The consensus is that there was steady, but slow growth. A few outliers doesn't change that.
You'll note that I specifically said "before agriculture," i.e. before the -10k B.C. point in your list. Following the development of agriculture there was of course substantial population growth over time, but before that not so much. I repeatedly noted that I was specifically claiming that
pre-agricultural populations were relatively constant (once all of the continents had been colonized) and merely that while there was population growth after the invention of agriculture it was slow and not necessarily very steady, with periods where growth stalled.
For the sake of argument, let's use the HYDE project, who estimates world population at
- 10.000 in -70bc
- 2m in -10k bc
- 18m in -5kbc
- 188m in year 1 ad
- 295m in year 1000
- 6145m in 2000
Just because you have exponential growth from 1000 to 2000 ad, doesn't mean that there wasn't substantial growth before that.
In fact I
don't accept using the HYDE project "for the sake of argument". The very fact that you have to pick a specific estimate, when there are many estimates out there with sometimes substantially varying values (for example, populations as high as 300 million for 1 A.D.) shows that this is not reliable evidence that the population has inevitably grown by a substantial amount every century and millennium since humanity evolved. It certainly does not prove that there are no periods when there was global regression in population, as you claimed.
Also, the very long timescales involved show that even taking those estimates at face value there was
not substantial growth over long periods. In fact, growth was quite slow! Like I show below, substantially below 1% per year, or even 0.1%.

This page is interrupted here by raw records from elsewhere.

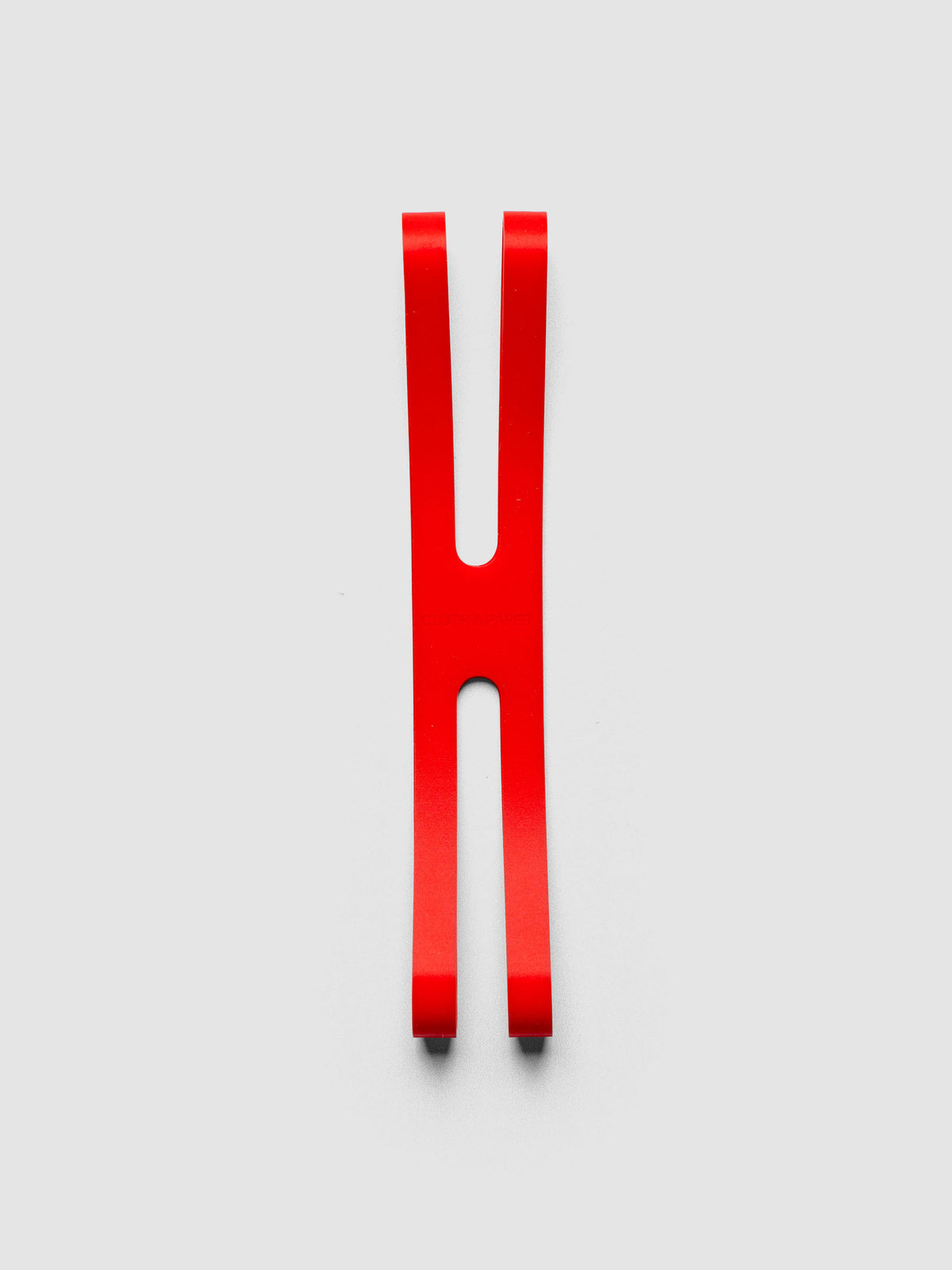 Red planner closure band on a neutral background.
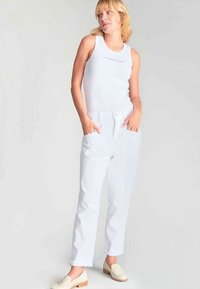Débardeur blanc côtelé avec texte imprimé, associé à un pantalon blanc à jambes droites. Le mannequin porte des mocassins beige. Design simple et épuré.
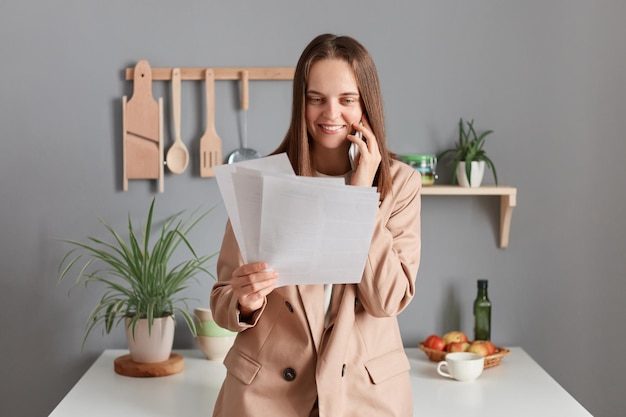 Portret uśmiechniętej szczęśliwej brązowowłosej bizneswoman w beżowym garniturze stojącej przy stole w kuchni w domu, trzymającej dokumenty i rozmawiającej przez smartfon z partnerem biznesowym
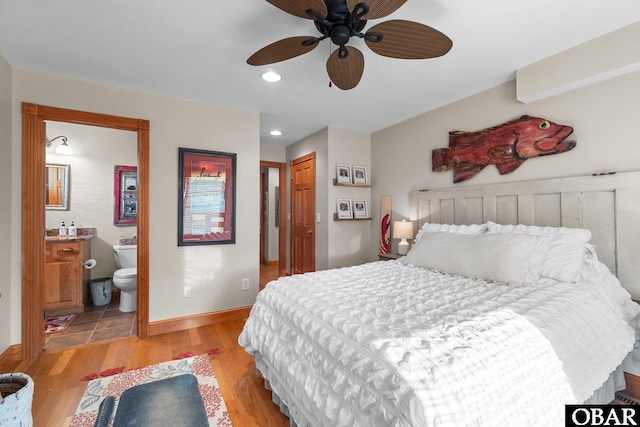 bedroom featuring recessed lighting, a ceiling fan, baseboards, light wood-type flooring, and ensuite bath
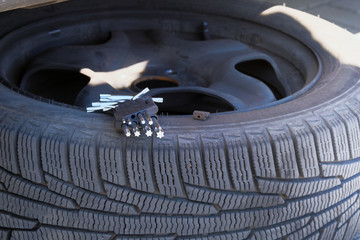 Automobile maintenance concept. Technicians are changing tires. Car service. Changing a flat car tire on road. Close up.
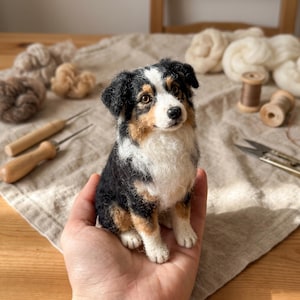 Puede incluir: Una figura de perro Pastor Australiano hecha con lana fieltrada con aguja, con un pelaje tricolor en negro, blanco y canela. El perro en miniatura tiene una mancha blanca en la cara, ojos marrón oscuro y nariz negra, con acabado texturizado.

Which, if you believe your own argument, would mean that you can't claim that there wasn't growth
That misunderstands statistics rather thoroughly. The null hypothesis is (normally, and certainly in this specific case) that nothing happened, and the job of the evidence is to prove that it
did happen. If the error bars overlap, particularly if they substantially overlap, then there is no way to reject the null hypothesis and therefore no reason to believe, on a statistical level, that anything happened. In other words, what they prove is that there is no evidence of growth occurring. They are
not evidence that there
was growth occurring.
In any case, I am not denying that there was growth on very long timescales, just that there were substantial periods where it is
not clear that there was any substantial growth between one tick and another--again, the 1 A.D. and 1000 A.D. examples are particularly instructive here, because the large error bars make it plausible that there was actually a
higher population in 1 A.D. than in 1000 A.D.
From 2m to 295m is hardly "sluggish".
It is if it takes
eleven thousand years for that growth to take place. That's a growth rate of just 0.045%. That's sluggish by any reasonable standard--over the course of a century, the global population would only increase 4.6%. To put it another way, if at the beginning of one century there were one hundred million people on Earth, at the end of it there would be about one hundred and five million. Barely noticeable, spread out over the whole planet. Putting it differently, if that growth rate had continued, we would be looking at reaching our current
actual population in about six thousand years. Slow!
Which is the point - why should we believe that we can predict what technologies will exist 1300 years from now?
Most unlikely, it will be stuff that we can't even imagine.
Well, we do have a rather better understanding of the nature of the universe than they did in 500 A.D.; there is a far greater chance that the things which we say can't exist actually cannot, physically, exist (just like the example I used of the perpetual motion machine of the second kind). But as I said the actual point is that saying "oh, there might be magical technology that would enable trillions of people to live in North America" is not particularly helpful for estimating the number that could actually live there
now, when such magical technology doesn't exist.
The population merely fluctuated regionally (and in the case of North America, locally) between 1 and 1000 AD. You can find huge distinctions, like for instance compare Germany in 1 AD to Germany in 1000 AD.
We are specifically discussing changes in global population, not regional or local populations. If the global population remains constant and is merely redistributed from one place to another, that still means there was no global population growth.